José Félix Ribas

From Infogalactic: the planetary knowledge core
Jump to: navigation, search
José Félix Ribas

José Félix Ribas (Spanish pronunciation: [xoˈse ˈfeliks ˈriβas]; Caracas, 19 September 1775 – Tucupido, 31 January 1815), was a Venezuelan independence leader and hero of the Venezuelan War of Independence.

Early life

Ribas was the last of eleven sons, born to a prominent Caracas family. In his early years, he received a quality education and attended the city's seminary. After finishing his studies, he began working in the agrarian sector. At the age of 21 he married María Josefa Palacios, the aunt of Simón Bolívar. He soon became interested in Republican ideals and sympathetic to the revolutionary independence movement.

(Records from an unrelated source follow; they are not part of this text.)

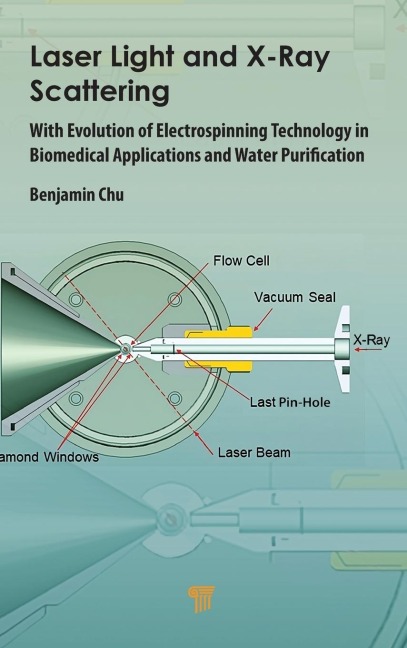 Laser Light and Synchrotron X-Ray Scattering: With Evolution of Electrospinning Technology in Biomedical and Water Purification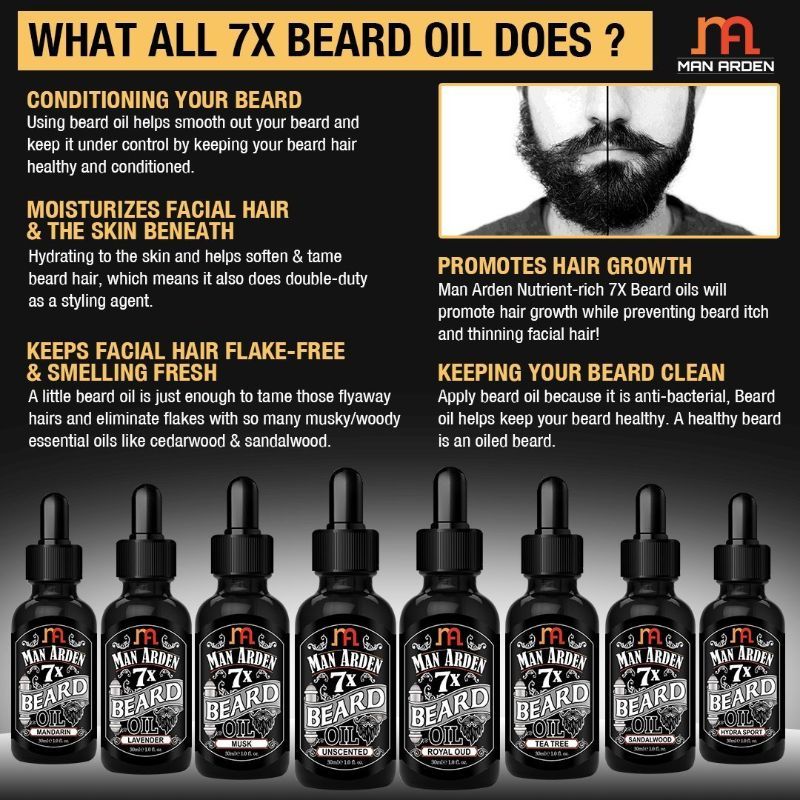 Man Arden 7X Mandarin Beard Oil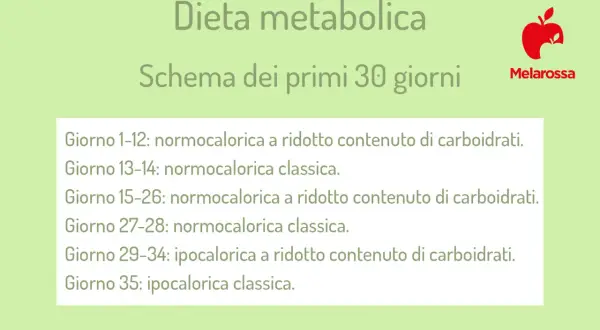 Schema di dieta metabolica per i primi 30 giorni, con fasi normocaloriche e ipocaloriche, per accelerare il metabolismo.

Ribas became involved in the Conspiracy of 1808, but was taken prisoner after its failure. In his defense, he stated that on the day of the action, he was just heading to a public square to spend time. Actually, Ribas was frequenting the square to meet with other republicans to plan an uprising. He was later freed by the authorities.

When the Revoution of 19 April 1810 was taking place, it was reported that Ribas was seen travelling throughout the entire city, encouraging people to join-in the demonstrations against Spanish rule. In the aftermath he joined the interim government on April 25, taking charge of the municipality of Caracas.

Military career

Apart from his political functions in the interim government, and despite having no military background, Ribas was named Colonel of the Barlovento Battalion which he helped set up with his own funds. He also maintained some contact with Francisco de Miranda, and offered him all possible support when Miranda arrived in the country. Along with other fellow Republicans, he became a member of the Sociedad Patriótica organized by Francisco de Miranda, in contradistinction to the New Venezuelan Congress which was ruled mostly by the landed few. The Sociedad Patriótica was modeled after a French Jacobin Club, encouraging the practice of oratory on equality of rights to all citizens.

During a brief period of Venezuelan independence (the Second Republic of Venezuela under the stewardship of Simón Bolívar), Ribas fought in numerous battles of the "Campaña Admirable"; however the most crucial episode was the battle of La Victoria (12 February 1814) in which he and his comrades succeeded in foiling the advance of José Tomás Boves's formidable royalist forces (commanded in this battle by proxy Francisco Tomás Morales, while Boves recovered from wounds). Ribas won this victory with inexperienced troops, composed mainly of youths, students, and seminary candidates that Ribas has succeeded in recruiting. Ribas told his young soldiers, his charges, before a crucial battle that "We have no choice between victory or death, we must achieve victory" ("No podemos optar entre vencer o morir, es necesario vencer"). After many hours of fierce resistance, Republican reinforcements arrived under the command of Vicente Campo Elías. It is in honor of this episode of Venezuelan history that modern Venezuelan citizens now celebrate the "Día de la Juventud" ("Day of Youth"). each 12 February.

Capture and death after Urica and Maturín

He fought vigorously in the Battle of Urica in which the republican forces lost but his royalist nemesis Boves was killed. After this battle, his forces assisted in offering a last desperate resistance to Morales at the Battle of Maturín; however this effort also was defeated. Ribas, together with a nephew and a faithful servant, was forced to flee from the victorious royalists. However, he was ultimately betrayed to the royalists by a slave. He was captured and executed by beheading. Ribas's lopped off head, after having been fried in cooking oil, was sent to Caracas. There, it was placed in public display within a small cage with the intention of demoralizing the patriots.


Almost two centuries later, Ribas' deeds were commemorated by the Hugo Chávez government when it named one of the Bolivarian Missions "Missión Ribas" in his honor. There are also two Venezuelan municipalities named after him, José Félix Ribas Municipality, Aragua state; and José Félix Ribas Municipality, Guárico state.